Court Opinion

ID: 3826459
Source: CourtListenerOpinion
Date Created: 2016-07-06 07:59:18.968495+00
Date Added: 2024-06-11T07:39:54.689193
License: Public Domain

The majority opinion, in so far as it holds that the allegation of the existence of an indorsement of interest payment on a promissory of note, without an allegation of payment of such interest, is sufficient to raise the inference that such payment was actually made, so as to toll the statute of limitations, is in conflict with the prior decisions of this court as well as the general rule in the vast majority of jurisdictions.
In Texas Title Guaranty Co. v. Shepherd, 184 Okla. 599,89 P.2d 337, it is held that where the indorsement of partial payment on a promissory note is relied upon to save the note from the bar of the statute of limitations, and issue is properly joined thereon, the burden is upon the plaintiff to show that such payment was actually made at the time stated, and that it was made by and with the consent of the payor. Therein it is said:
"But the mere production of the note in such case bearing thereon an indorsement of partial payment is insufficient to establish payment as a toll of the statute of limitations. As stated in 37 C. J. 1151, sec. 630, 'It is the payment and not the indorsement on the evidence of debt that operates to toll the statute.' . . . Therefore, the mere indorsement produces no presumption that payment was actually made where such payment is relied upon to save the action from the bar of the statute. Though an indorsement of payment has been held to raise a presumption of payment in favor of the debtor claiming the credit (8 C. J. 1015, § 1321), the rule is otherwise where the indorsement is relied upon to toll the statute. The correct rule in such case as gathered from the decisions in the vast majority of jurisdictions is that where an indorsement on a promissory note, made before the bar of the statute of limitations attaches, is relied on to save the cause of action upon the note from the operation of such statute, the burden of proof is upon the plaintiff to show that the payment was actually made at the time alleged, or that it was made by or with the consent of the payor."
In Flanagan v. Oxley, Ex'r, 190 Okla. 564, 126 P.2d 707, it is said: *Page 660 
"It is the payment and not the indorsement, as the evidence of payment, that tolls the statute where the issue is joined by answer."
That general rule is stated in 37 C. J. 1151. In support of the text cases are cited from Arkansas, Kansas, Maine, Michigan, Missouri, North Carolina, Pennsylvania, South Carolina, and Washington. No cases holding to the contrary are cited.

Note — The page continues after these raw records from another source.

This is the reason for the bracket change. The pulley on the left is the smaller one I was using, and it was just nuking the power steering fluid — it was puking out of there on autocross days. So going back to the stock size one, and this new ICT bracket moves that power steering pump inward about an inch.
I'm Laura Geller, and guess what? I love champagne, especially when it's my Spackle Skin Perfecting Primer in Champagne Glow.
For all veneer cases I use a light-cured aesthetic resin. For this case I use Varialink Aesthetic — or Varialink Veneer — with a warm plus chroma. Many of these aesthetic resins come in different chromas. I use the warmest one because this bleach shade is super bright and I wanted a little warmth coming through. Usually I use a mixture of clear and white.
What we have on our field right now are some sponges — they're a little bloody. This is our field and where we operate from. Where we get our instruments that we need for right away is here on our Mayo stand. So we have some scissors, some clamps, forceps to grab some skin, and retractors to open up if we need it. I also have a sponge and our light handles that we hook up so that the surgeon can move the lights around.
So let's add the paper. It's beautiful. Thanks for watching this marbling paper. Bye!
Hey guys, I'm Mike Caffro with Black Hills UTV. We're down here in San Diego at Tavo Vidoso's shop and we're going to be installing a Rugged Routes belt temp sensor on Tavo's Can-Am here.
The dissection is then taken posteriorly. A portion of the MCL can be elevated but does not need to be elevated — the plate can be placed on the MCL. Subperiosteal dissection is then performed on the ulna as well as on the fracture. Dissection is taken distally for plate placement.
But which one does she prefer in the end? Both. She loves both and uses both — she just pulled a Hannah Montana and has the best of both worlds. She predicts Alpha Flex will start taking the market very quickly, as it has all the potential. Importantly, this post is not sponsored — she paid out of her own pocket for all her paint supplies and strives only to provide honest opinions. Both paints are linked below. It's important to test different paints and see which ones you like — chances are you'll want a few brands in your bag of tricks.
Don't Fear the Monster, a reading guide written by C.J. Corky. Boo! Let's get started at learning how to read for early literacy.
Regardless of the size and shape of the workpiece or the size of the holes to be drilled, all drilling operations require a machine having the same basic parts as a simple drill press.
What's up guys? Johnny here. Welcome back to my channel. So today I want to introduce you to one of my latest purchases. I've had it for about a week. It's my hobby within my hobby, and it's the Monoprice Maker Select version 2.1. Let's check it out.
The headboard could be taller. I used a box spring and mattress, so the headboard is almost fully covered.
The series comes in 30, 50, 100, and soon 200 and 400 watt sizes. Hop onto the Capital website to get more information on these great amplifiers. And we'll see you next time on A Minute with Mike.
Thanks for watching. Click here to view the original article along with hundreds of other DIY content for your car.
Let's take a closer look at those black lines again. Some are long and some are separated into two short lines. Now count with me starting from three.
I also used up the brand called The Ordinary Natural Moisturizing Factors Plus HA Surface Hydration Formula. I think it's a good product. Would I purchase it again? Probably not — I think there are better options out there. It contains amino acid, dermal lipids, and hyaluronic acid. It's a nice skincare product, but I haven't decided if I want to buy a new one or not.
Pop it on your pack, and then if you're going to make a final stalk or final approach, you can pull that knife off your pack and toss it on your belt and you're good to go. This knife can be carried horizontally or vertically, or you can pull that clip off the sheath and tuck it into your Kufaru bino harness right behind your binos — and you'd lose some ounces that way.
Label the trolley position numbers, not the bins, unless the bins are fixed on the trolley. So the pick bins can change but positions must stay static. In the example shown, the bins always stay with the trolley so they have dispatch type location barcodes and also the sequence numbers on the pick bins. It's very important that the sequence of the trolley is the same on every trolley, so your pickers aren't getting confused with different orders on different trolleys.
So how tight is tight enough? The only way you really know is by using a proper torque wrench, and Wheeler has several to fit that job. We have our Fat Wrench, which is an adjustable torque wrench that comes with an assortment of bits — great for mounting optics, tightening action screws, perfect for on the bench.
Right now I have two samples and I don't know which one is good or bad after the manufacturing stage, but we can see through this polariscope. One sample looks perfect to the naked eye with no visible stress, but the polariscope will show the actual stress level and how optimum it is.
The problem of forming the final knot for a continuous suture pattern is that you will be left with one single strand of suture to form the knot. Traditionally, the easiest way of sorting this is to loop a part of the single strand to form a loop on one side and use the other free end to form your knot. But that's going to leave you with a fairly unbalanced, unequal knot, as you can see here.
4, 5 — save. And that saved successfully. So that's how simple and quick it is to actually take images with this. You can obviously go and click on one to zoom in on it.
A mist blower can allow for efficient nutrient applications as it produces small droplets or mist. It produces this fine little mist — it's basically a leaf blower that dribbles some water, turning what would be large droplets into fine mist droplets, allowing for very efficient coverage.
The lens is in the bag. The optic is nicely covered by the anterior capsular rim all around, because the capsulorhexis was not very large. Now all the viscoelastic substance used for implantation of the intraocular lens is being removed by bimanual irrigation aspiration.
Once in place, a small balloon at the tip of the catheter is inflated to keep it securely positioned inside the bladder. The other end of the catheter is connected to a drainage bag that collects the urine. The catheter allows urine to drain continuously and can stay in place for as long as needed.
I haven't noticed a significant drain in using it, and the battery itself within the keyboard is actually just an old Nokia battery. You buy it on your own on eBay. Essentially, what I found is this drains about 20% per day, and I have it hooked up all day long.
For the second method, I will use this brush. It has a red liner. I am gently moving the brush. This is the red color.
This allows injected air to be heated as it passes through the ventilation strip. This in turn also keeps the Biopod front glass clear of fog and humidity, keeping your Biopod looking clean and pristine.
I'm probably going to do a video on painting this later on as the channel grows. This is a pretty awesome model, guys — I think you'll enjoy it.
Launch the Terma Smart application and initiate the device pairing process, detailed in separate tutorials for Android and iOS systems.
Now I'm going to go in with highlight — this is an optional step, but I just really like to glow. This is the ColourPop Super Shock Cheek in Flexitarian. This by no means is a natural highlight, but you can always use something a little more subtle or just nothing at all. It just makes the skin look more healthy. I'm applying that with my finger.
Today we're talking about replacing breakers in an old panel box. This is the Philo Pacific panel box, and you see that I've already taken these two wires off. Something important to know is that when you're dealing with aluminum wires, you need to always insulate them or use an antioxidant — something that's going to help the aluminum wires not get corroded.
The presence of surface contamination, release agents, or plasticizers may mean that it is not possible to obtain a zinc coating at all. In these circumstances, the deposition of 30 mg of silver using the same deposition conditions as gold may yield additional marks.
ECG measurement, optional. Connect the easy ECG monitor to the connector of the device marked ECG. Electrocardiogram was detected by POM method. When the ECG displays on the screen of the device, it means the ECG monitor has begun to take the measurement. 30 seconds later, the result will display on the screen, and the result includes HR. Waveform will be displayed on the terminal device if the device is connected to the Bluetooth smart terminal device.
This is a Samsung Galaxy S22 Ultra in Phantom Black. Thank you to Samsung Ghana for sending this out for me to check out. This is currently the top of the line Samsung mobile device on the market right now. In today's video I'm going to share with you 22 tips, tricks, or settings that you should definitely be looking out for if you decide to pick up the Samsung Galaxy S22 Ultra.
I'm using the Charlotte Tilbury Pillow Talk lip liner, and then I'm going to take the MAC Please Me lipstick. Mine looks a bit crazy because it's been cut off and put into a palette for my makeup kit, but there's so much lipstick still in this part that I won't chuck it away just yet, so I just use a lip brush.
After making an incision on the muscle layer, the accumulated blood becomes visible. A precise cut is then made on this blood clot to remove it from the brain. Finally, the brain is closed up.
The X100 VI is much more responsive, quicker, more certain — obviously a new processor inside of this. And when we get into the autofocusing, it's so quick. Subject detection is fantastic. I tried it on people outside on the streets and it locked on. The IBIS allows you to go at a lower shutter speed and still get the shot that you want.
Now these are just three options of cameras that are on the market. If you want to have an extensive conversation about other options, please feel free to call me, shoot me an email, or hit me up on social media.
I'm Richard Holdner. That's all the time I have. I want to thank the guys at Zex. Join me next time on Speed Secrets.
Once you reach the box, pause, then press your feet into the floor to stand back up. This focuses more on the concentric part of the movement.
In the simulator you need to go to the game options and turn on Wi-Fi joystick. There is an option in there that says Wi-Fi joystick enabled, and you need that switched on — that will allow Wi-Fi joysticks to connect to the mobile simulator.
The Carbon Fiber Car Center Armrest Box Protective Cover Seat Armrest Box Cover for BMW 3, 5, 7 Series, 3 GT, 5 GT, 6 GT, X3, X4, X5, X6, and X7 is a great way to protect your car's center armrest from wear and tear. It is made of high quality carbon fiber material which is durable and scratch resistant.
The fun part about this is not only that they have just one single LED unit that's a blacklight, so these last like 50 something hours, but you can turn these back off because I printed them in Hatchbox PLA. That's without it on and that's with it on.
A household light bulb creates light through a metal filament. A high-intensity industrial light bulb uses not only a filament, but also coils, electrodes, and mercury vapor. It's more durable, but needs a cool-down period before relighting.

In J. M. Arthur  Co. v. Burke, 83 Wash. 690, 145 P. 974, it is held:
"The fact of part payment within the statutory period, not the formal entry crediting the amount to the debtor on the creditor's books, tolls the statute of limitations."
In Liphart v. Myers, 97 Kan. 686, 156 P. 693, it is held:
"A receipt of money, indorsed on the back of a promissory note after the statute of limitations has barred action, does not indicate part payment by the maker, which would revive liability."
— and:
"In an action on a note bearing such an indorsement, the petition must allege payment by the debtor in order to remove the apparent bar of the statute."
Bernard v. Davidson, 112 Kan. 31, 209 P. 668, cited in the majority opinion, seems to support the contrary rule, but does not overrule Liphart v. Myers, supra.
My view is that Bernard v. Davidson, supra, is not only contrary to the prior decision of the Kansas Supreme Court, but is contrary to the general, and almost universal, rule. It is likewise contrary to the well-known rule that it takes two parties to make a contract and it takes two parties to make a payment on a promissory note — the payor who makes the payment and the payee who receives it. It is a dangerous rule to permit the holder of a note to create evidence in his own behalf which would extend the time within which suit might be maintained on the note, without the knowledge or consent of the payor.
Pitts v. Walker, 188 Okla. 17, 105 P.2d 760, cited in the majority opinion, is not controlling. That was an action on an open account and not upon a note which, upon its face, showed that the statute of limitations had run.
I cannot concur in the majority opinion, and respectfully dissent.
ARNOLD, J., concurs in this dissent.